___ EXERCISE INPUT

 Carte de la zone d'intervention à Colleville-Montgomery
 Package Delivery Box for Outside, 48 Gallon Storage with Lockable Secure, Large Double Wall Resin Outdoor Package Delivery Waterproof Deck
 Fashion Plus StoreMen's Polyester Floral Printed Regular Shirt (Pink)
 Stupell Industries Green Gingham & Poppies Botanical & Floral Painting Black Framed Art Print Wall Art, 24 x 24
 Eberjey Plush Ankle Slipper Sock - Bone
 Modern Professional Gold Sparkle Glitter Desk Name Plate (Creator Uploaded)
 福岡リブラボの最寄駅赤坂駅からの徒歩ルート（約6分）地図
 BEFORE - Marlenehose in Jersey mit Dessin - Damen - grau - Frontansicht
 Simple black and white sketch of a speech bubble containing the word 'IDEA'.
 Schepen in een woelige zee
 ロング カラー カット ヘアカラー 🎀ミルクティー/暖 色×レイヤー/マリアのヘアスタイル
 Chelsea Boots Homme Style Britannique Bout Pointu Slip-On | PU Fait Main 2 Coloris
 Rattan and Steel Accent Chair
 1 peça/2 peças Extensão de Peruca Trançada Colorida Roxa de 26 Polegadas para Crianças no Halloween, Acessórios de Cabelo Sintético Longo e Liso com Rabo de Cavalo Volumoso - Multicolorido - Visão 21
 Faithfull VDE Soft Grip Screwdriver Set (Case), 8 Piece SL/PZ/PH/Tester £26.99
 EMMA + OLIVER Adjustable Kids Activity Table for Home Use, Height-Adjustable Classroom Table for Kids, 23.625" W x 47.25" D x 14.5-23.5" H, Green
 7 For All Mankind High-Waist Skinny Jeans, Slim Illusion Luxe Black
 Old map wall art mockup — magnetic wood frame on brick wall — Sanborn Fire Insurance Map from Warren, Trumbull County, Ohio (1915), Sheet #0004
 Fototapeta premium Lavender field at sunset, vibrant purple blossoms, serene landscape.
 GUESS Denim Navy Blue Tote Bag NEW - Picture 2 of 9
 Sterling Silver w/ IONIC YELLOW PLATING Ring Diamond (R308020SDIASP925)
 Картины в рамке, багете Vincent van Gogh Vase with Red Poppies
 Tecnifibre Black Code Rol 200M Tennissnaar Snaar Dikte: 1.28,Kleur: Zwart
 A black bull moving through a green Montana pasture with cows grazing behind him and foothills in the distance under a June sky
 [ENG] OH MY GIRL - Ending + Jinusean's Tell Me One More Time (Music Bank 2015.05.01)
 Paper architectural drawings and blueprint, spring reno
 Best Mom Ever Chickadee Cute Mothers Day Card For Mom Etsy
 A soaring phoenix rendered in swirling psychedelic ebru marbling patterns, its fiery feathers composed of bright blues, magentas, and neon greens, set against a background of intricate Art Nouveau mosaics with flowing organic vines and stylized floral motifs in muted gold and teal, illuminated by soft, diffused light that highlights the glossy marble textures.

______

**TASK DIRECTIONS:** Only the count is wanted. Find the lines of the records that include the word "with" and state how many.

**EXERCISE ANSWER:** 4